The following question is from a System Theory test without answers or solutions. It concerns the BIBO stability of the following 4 systems:
$1) \left[ \begin{array}{l|l} A&B\\ \hline C & \end{array} \right] = \left[ \begin{array}{lll|l} -2&1&0&2\\ 0&-2&0&1\\ 0&0&-5&-3\\ \hline 1 & 1 & 0 \end{array} \right] \qquad 2) \left[ \begin{array}{l|l} A&B\\ \hline C & \end{array} \right] = \left[ \begin{array}{lll|l} 0&-2&0&0\\ 2&0&0&1\\ 0&0&0&1\\ \hline 0 & -2 & 0 \end{array} \right]$
$ 3) \left[ \begin{array}{l|l} A&B\\ \hline C & \end{array} \right] = \left[ \begin{array}{lll|l} 0&1&0&0\\ 0&0&1&-1\\ 0&0&0&-2\\ \hline 1 & 0 & 0 \end{array} \right] \qquad 4) \left[ \begin{array}{l|l} A&B\\ \hline C & \end{array} \right] = \left[ \begin{array}{lll|l} -2&0&0&1\\ 0&1&1&0\\ 0&-1&1&0\\ \hline 1 & 0 & 1 \end{array} \right]$
The following list of possible answers is provided:
$ A) \ \text{Only 1}\\ B) \ \text{1 and 2}\\ C) \ \text{1 and 4}\\ D) \ \text{1, 2 and 3}\\ E) \ \text{All of them}\\ $
My approach:
Taking $\mathcal{L}^{-1}\{C(sI-A)^{-1}B\}$ yields the following time domain responses. All of which have been verified with Matlab.
$1) \quad e^{-2t}(t+3)\\2) \quad -2 \cos(2t)\\3) \quad t(t-1)\\4) \quad e^{-2t}$
This shows that all repsonses except for 3 must be bounded for a bounded input (the matlab function "impulse" verifies this). But that option is not among the possible choices.
What's going on here? Am I doing something wrong?
The definition you used for BIBO stability is slightly off. Namely it can be defined as the integral of the absolute value of the impulse response has to be bounded. Using this then it can be shown that system 2 is not BIBO.

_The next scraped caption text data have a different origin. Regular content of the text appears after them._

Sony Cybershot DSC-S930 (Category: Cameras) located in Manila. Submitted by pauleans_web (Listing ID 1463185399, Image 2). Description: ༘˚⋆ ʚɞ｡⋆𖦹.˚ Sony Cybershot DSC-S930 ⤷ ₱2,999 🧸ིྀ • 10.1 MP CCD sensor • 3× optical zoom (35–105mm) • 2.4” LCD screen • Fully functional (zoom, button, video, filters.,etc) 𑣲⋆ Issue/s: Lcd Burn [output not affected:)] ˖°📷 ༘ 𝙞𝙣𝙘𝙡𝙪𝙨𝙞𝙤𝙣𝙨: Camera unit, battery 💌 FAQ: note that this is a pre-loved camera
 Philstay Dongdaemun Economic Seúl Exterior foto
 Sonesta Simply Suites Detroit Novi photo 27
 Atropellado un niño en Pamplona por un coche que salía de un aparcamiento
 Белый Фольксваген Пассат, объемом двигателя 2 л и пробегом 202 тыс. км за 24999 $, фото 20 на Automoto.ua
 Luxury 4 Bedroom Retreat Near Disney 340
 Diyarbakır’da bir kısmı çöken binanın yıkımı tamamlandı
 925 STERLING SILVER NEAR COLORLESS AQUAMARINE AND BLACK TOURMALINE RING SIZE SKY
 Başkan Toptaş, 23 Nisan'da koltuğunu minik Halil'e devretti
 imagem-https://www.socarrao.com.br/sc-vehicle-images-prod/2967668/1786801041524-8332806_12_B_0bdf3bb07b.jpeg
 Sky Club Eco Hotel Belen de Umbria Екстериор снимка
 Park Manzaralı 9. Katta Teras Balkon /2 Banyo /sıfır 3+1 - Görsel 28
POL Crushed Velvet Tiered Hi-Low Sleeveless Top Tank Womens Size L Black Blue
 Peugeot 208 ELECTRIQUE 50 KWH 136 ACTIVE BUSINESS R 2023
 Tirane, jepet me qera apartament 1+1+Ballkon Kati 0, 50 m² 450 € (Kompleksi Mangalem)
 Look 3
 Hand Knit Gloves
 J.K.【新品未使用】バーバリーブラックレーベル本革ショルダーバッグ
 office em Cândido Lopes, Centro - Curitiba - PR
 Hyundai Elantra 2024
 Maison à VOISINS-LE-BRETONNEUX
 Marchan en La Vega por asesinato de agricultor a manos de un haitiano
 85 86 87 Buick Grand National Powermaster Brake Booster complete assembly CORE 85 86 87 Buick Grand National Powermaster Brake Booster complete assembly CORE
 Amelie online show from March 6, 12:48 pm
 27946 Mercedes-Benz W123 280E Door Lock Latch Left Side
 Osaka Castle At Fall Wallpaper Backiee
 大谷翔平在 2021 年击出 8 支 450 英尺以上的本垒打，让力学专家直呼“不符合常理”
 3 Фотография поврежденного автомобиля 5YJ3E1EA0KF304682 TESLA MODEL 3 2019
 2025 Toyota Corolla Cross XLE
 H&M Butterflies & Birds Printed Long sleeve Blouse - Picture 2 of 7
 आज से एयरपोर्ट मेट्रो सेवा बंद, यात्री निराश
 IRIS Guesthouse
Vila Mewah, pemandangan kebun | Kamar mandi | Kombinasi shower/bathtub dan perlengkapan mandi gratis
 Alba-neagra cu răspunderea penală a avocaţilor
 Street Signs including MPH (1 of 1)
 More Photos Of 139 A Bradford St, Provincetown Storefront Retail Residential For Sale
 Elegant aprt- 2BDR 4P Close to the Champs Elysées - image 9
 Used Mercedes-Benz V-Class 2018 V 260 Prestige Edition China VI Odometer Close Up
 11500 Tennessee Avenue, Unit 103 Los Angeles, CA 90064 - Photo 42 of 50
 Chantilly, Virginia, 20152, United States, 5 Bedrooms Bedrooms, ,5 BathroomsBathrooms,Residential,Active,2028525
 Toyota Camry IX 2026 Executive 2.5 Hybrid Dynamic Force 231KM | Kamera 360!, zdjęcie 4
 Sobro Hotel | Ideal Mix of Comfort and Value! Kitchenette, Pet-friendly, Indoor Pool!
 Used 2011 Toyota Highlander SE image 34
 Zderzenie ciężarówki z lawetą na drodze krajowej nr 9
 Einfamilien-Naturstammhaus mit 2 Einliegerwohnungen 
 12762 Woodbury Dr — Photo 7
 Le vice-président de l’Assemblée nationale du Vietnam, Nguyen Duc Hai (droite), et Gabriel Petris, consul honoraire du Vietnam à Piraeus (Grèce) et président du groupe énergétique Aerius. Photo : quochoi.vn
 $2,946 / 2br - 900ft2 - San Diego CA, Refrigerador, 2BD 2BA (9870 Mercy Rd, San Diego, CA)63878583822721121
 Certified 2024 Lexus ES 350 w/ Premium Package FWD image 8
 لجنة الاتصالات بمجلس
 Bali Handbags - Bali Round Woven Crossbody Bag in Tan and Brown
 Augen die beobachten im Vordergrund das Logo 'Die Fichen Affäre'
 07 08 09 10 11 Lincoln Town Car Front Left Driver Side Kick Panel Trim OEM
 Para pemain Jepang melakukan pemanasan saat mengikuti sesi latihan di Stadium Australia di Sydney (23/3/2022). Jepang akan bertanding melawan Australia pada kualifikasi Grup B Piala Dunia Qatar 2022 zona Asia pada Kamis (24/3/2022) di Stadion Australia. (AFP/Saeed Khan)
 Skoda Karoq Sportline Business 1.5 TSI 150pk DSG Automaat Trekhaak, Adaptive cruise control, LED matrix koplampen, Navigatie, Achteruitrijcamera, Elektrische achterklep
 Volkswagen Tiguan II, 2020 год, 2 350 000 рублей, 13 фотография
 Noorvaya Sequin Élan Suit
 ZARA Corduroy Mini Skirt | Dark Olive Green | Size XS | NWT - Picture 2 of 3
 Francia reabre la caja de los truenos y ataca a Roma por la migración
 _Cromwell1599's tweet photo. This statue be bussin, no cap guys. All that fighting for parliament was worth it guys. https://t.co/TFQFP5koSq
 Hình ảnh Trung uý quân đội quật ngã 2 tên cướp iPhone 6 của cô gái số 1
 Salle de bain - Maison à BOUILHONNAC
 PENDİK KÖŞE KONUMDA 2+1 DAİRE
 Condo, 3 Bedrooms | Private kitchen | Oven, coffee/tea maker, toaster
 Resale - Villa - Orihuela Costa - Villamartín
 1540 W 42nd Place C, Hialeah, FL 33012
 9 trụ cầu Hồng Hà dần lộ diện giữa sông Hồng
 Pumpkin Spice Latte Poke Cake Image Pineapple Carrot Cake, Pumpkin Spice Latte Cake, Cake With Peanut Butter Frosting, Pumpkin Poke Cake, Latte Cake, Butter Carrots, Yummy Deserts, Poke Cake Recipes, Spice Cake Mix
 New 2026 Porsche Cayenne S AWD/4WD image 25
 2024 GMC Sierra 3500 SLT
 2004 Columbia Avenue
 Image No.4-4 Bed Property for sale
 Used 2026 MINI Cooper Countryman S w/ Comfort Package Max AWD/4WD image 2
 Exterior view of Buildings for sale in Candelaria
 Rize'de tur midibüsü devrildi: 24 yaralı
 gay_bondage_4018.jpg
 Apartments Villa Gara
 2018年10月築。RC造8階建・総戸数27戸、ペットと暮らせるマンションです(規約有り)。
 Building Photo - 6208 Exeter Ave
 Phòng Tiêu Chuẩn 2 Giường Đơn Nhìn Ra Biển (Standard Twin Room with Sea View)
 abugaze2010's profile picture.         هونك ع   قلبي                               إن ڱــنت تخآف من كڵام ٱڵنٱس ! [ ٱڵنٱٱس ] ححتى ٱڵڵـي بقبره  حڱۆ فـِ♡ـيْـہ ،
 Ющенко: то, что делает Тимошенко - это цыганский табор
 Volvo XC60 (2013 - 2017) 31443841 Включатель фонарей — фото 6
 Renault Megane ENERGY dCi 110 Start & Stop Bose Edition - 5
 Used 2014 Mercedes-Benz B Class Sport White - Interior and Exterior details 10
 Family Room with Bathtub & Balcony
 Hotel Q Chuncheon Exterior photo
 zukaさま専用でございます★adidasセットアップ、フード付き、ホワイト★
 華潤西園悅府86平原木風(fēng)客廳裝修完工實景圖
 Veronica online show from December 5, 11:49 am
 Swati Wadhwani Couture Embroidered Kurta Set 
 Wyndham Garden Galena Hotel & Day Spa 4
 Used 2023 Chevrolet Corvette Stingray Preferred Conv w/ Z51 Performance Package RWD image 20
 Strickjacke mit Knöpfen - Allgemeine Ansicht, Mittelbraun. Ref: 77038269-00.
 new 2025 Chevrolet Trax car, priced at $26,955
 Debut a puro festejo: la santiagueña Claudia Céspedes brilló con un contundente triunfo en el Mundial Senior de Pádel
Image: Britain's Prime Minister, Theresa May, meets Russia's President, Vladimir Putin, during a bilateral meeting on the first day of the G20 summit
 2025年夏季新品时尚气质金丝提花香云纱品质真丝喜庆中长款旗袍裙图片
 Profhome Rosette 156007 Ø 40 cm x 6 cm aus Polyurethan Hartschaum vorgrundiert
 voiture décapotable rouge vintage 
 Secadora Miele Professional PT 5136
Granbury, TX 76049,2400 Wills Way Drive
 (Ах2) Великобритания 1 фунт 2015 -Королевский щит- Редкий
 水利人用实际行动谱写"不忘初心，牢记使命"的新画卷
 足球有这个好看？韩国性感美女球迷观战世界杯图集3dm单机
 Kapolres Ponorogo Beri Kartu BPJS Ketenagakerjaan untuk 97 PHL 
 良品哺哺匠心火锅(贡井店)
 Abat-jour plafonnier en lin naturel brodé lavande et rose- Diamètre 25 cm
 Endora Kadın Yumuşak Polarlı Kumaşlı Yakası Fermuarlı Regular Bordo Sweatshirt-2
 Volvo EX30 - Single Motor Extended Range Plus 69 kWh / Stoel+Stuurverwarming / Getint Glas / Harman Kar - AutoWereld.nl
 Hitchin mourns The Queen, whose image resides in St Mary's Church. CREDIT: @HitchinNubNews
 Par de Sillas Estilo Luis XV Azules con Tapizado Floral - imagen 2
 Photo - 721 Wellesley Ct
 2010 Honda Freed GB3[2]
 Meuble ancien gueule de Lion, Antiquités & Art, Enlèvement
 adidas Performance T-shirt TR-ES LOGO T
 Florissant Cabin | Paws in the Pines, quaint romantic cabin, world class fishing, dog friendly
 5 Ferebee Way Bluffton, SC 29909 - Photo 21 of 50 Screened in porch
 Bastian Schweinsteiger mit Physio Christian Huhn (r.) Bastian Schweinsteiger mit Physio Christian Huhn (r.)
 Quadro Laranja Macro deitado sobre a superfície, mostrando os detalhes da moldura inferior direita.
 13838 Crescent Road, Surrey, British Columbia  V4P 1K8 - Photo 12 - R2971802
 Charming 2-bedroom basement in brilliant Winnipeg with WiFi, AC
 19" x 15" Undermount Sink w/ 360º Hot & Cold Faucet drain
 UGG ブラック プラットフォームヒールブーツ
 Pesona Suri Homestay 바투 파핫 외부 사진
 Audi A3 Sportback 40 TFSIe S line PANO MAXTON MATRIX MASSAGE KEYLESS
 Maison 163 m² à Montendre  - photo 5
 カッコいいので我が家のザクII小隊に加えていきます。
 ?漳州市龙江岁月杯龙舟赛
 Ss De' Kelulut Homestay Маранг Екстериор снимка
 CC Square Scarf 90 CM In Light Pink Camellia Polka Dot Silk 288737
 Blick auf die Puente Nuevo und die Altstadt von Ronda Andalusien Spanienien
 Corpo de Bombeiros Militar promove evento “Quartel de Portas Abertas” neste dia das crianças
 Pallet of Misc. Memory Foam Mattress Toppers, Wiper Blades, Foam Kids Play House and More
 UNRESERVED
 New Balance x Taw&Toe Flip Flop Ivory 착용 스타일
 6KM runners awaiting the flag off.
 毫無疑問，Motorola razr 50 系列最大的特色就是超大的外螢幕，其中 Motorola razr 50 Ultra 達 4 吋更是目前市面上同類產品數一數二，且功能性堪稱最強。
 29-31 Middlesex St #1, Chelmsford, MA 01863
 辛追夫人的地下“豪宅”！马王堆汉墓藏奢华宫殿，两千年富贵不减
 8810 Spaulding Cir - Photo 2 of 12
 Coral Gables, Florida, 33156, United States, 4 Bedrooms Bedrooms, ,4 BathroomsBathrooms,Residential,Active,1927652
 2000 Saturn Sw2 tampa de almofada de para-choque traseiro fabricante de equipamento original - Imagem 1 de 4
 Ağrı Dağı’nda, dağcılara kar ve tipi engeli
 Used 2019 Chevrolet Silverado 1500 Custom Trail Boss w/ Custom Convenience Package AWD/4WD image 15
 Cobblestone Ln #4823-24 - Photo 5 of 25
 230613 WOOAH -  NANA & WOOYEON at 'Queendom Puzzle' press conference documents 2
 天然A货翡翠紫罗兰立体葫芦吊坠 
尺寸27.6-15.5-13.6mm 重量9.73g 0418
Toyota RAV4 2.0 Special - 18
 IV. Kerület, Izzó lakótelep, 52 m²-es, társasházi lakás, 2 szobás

Another way of showing that a LTI state space model is BIBO is by looking at whether all modes that are both controllable and observable have an eigenvalue with a negative real part. Seeing whether a mode is both controllable and observable can be done with the Hautus lemma. You only need to check all eigenvalues with a non-negative real part (so do check eigenvalues with a zero real part) and if you know that a mode is uncontrollable you don't have to check observability anymore. The same holds the other way around. After some practice one can spot this quite quickly, since all $A$ matrices are in their real Jordan form.